→ **Exercise goal**:
The entries below are to be returned as written, with all pictures dropped.

**********

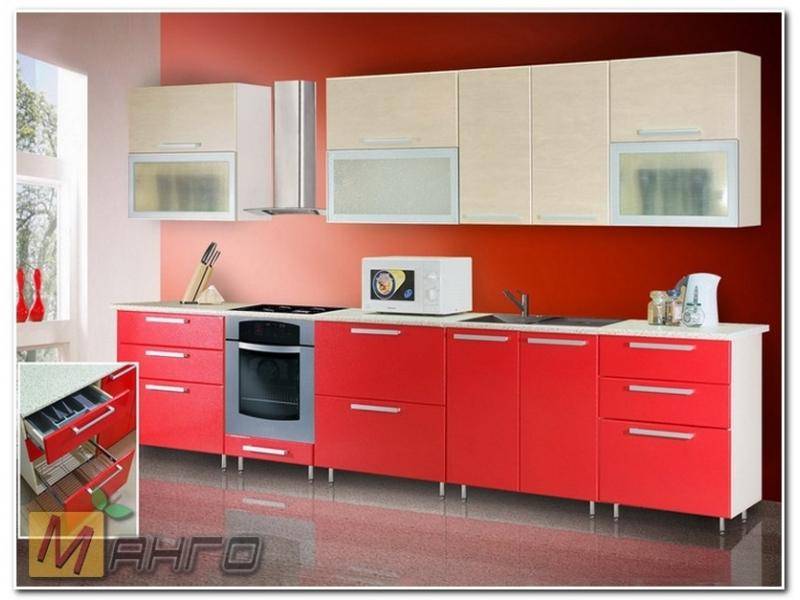 прямая кухня глория 2 в Нижневартовске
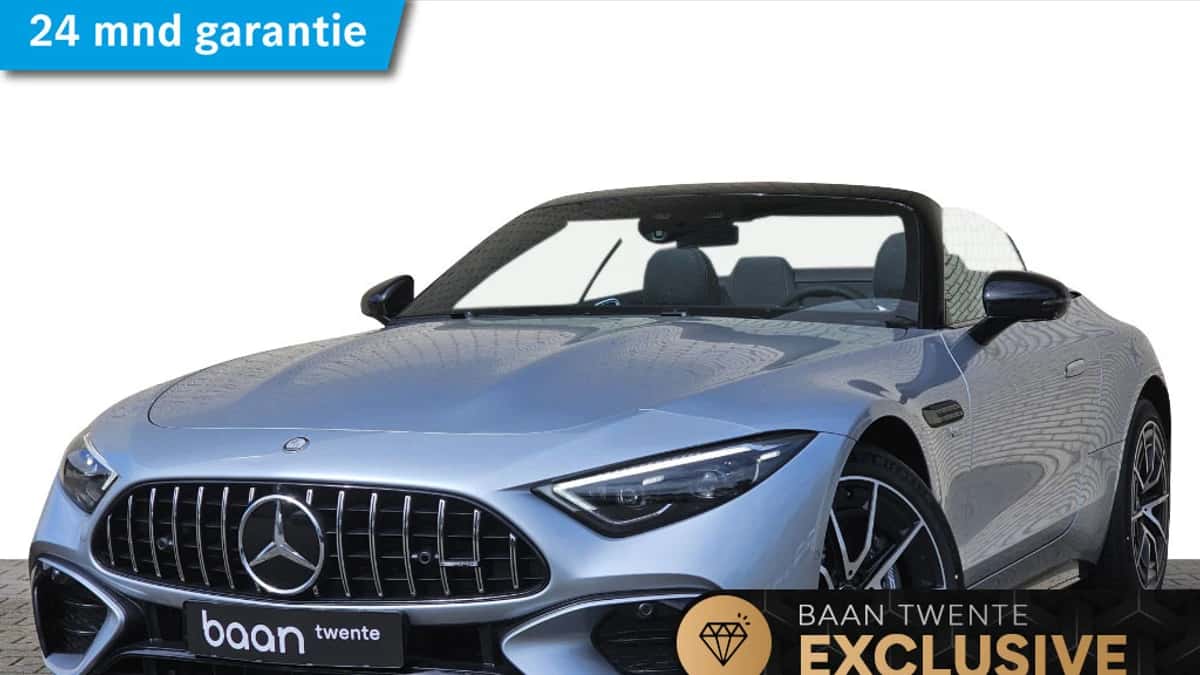 Mercedes-Benz SL-Klasse (2025) — foto 1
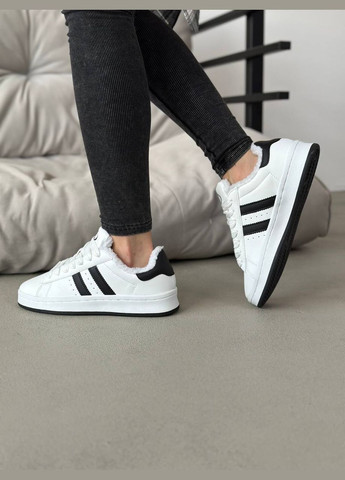 Кроссовки Vakko чёрно-белые зима (315697632)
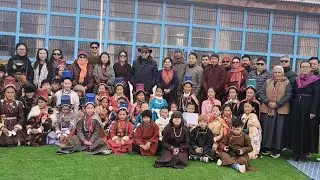 CS visits Ladakh Model School, appreciates Education Deptt for running regular classes in winter 
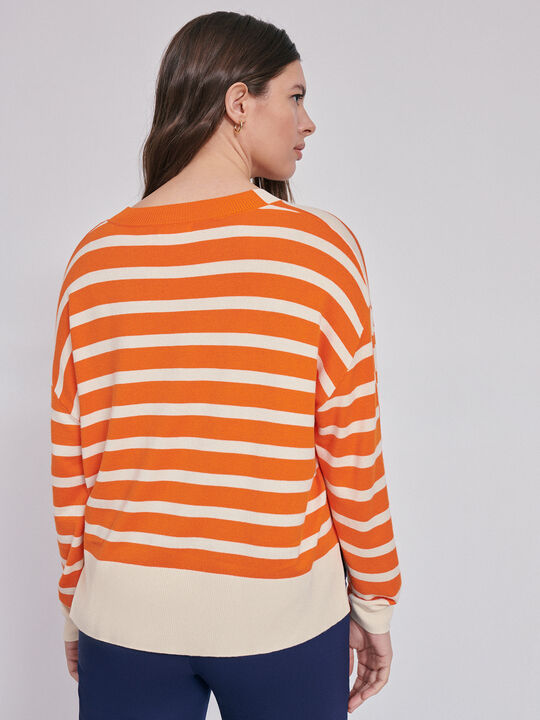JERSEY RAYAS naranja tangy image number null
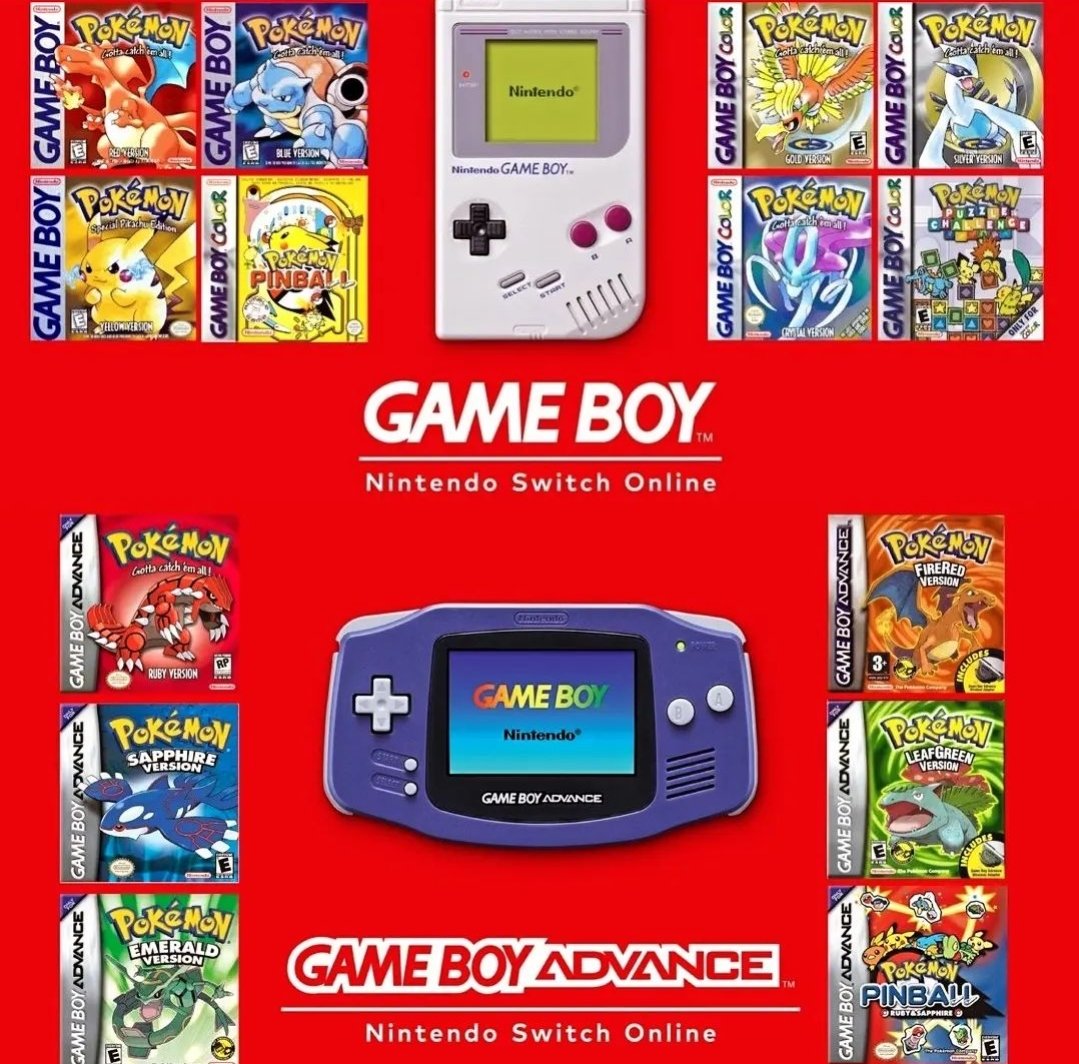 GameBoyClub's tweet photo. Será que nesse Pokémon Day a Nintendo vai realizar um pouco dos nossos sonhos?

Não queremos nada demais, s�� isso aí mesmo @NintendoBrasil https://t.co/sVUCnRVRPI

**********

→ **Answer to the exercise**:
 прямая кухня глория 2 в Нижневартовске
 Mercedes-Benz SL-Klasse (2025) — foto 1
 Кроссовки Vakko чёрно-белые зима (315697632)
 CS visits Ladakh Model School, appreciates Education Deptt for running regular classes in winter 
JERSEY RAYAS naranja tangy image number null
 GameBoyClub's tweet photo. Será que nesse Pokémon Day a Nintendo vai realizar um pouco dos nossos sonhos?

Não queremos nada demais, s�� isso aí mesmo @NintendoBrasil https://t.co/sVUCnRVRPI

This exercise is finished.